In order to find a good compromise between efficiency and simplicity, nonlinear controllers such as back-stepping and sliding mode (SM) have shown various advantages [16, 17]. The implementation simplicity and the robust behavior against the external disturbances encourage the researchers to use these controllers in various PV system applications.
Thanks to its advantages, the sliding mode has been used widely to control variable structure systems (VSS) [17–20]. Accordingly, the switched-mode converters used in PV system applications are the ideal target of this kind of controller [16, 21]. Either it being a DC-DC converter or it being an inverter, the sliding mode control (SMC) has been used widely in the literature.

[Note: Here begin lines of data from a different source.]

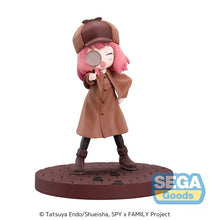 Load image into Gallery viewer, Spy x Family Luminasta Anya Forger (Playing Detective Ver.) Figure - ShopAnimeStyle
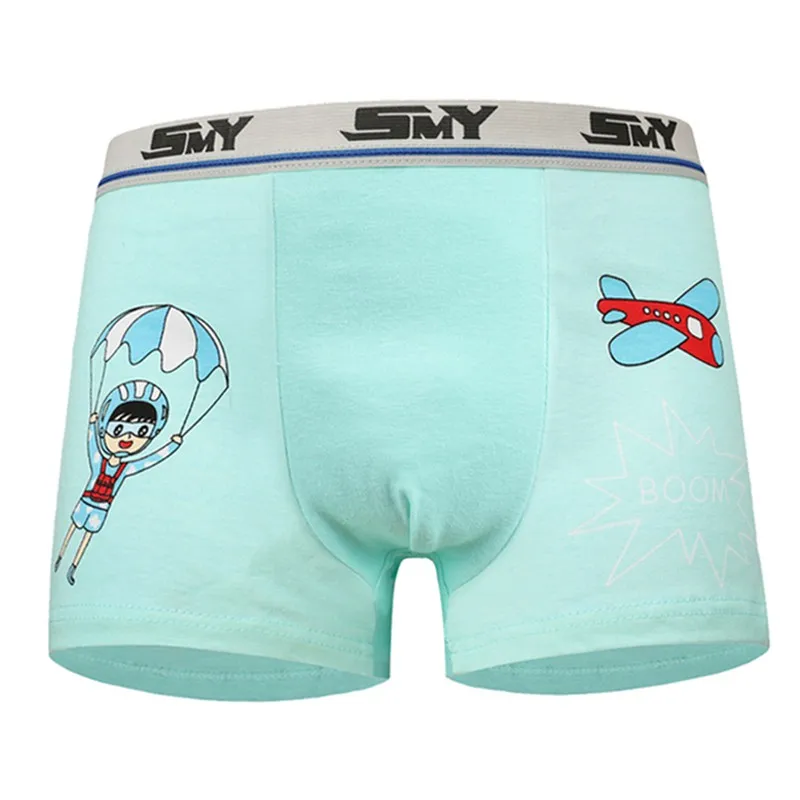 
New Design Cotton Children Panties Little Boys Underwear Model Kids Boxer Shorts 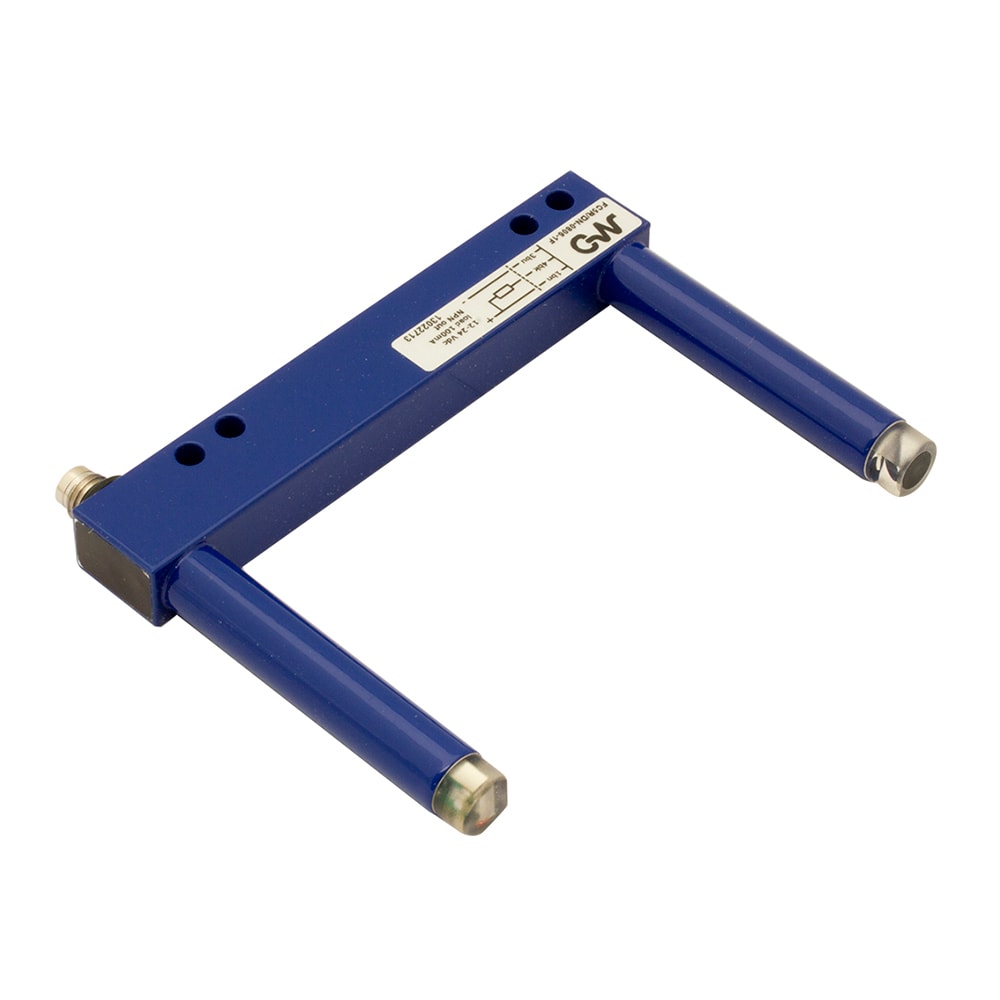 DATASENSING - SLOT 80MM WIDTH RED LED PNP-NC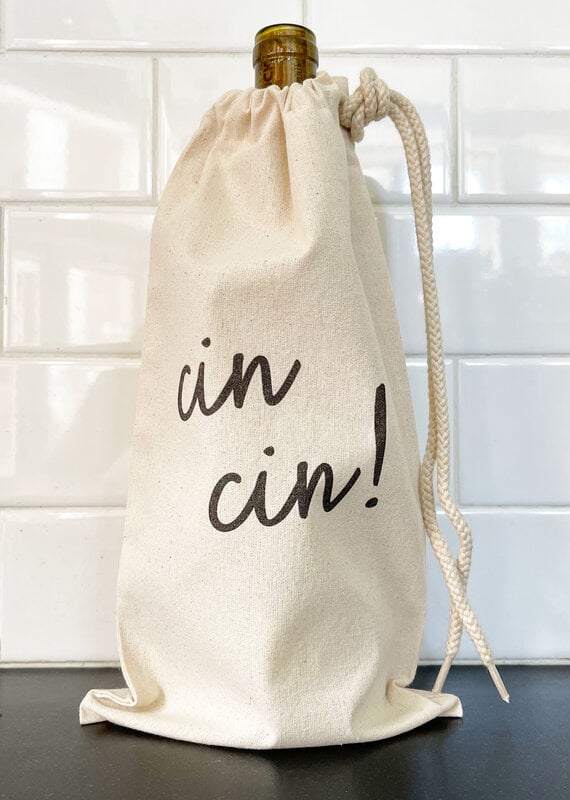 Boheme Bliss Cin Cin Wine Bag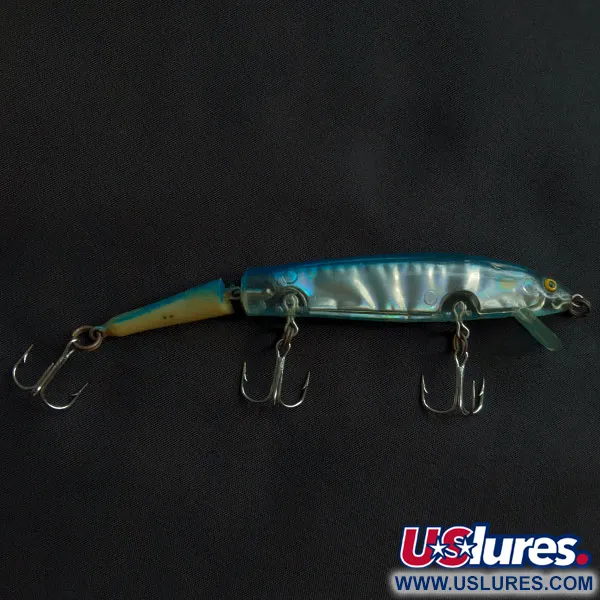 Bill Norman Deep 2J, 9g Clear/blue, Minnow Articulado #21402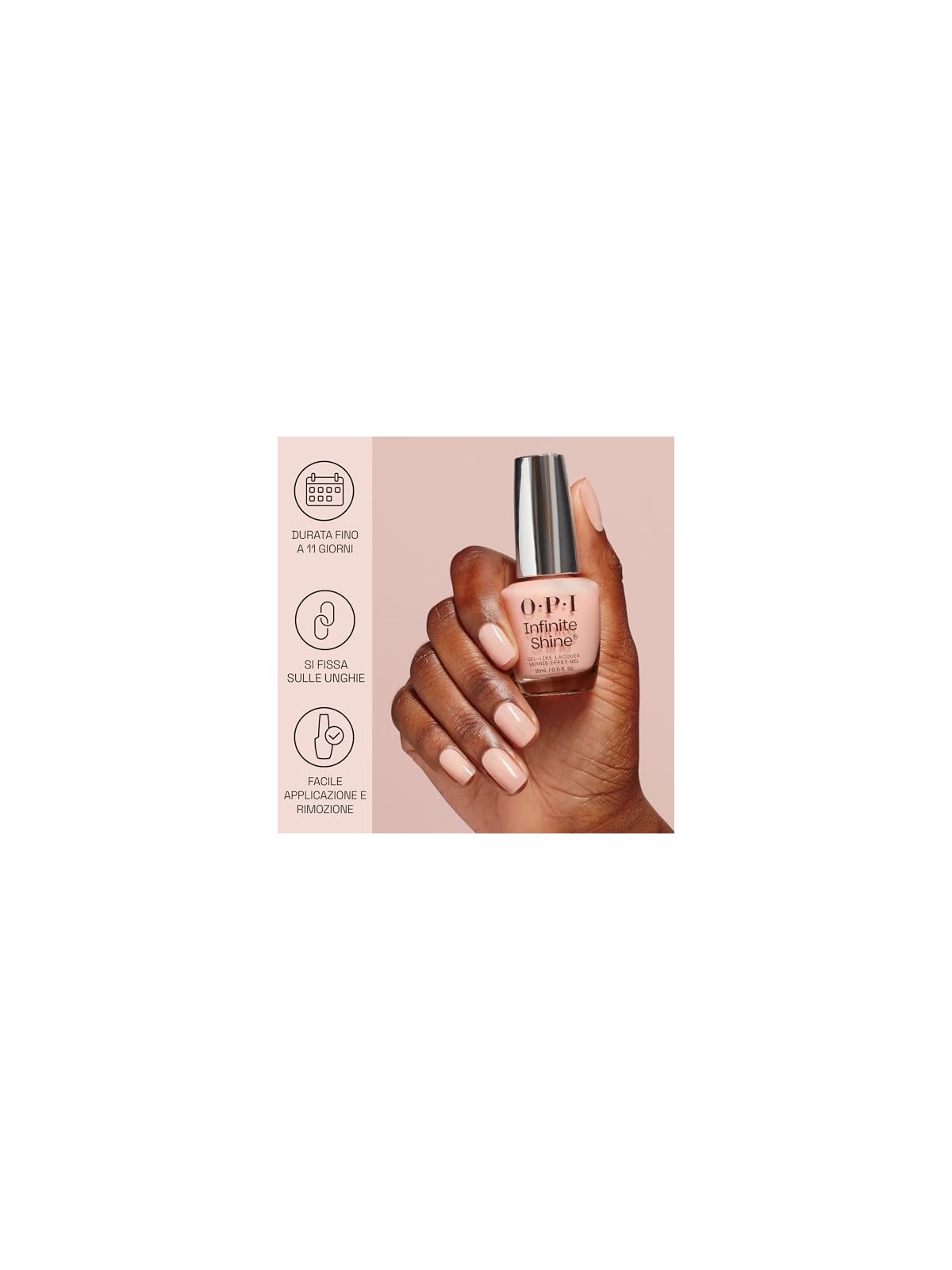 OPI Infinite Shine Nail Lacquer 15ml Raisin The Bar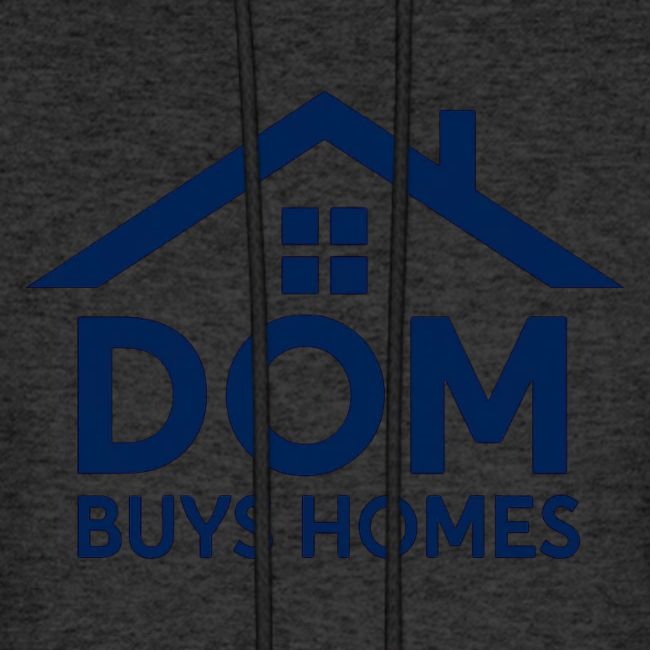 Dom Buys Homes Navy Blue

Kim et al. applied the SM to control the inverter switches in order to force the followed current in the grid to pursue a generated reference current; the simulation and experimental results of this single-stage grid-connected PV system shown that the proposed controller can reduce current overshot and contribute to the optimal design of power devices [22, 23]. Furthermore, Chen et al. proposed to control a DC-DC boost converter feeding a resistive load using a sliding mode in finite time; the obtained results showed good performances in terms of stability and fast response. However, the exploitation of this PV system is focalized only for DC loads. For this reason, Laura et al. used an adaptive SM to manage the control of two stages of converters for a grid-connected PV system. Thus, the controlled converters exhibit robustness properties with a fast response to any sudden irradiance change.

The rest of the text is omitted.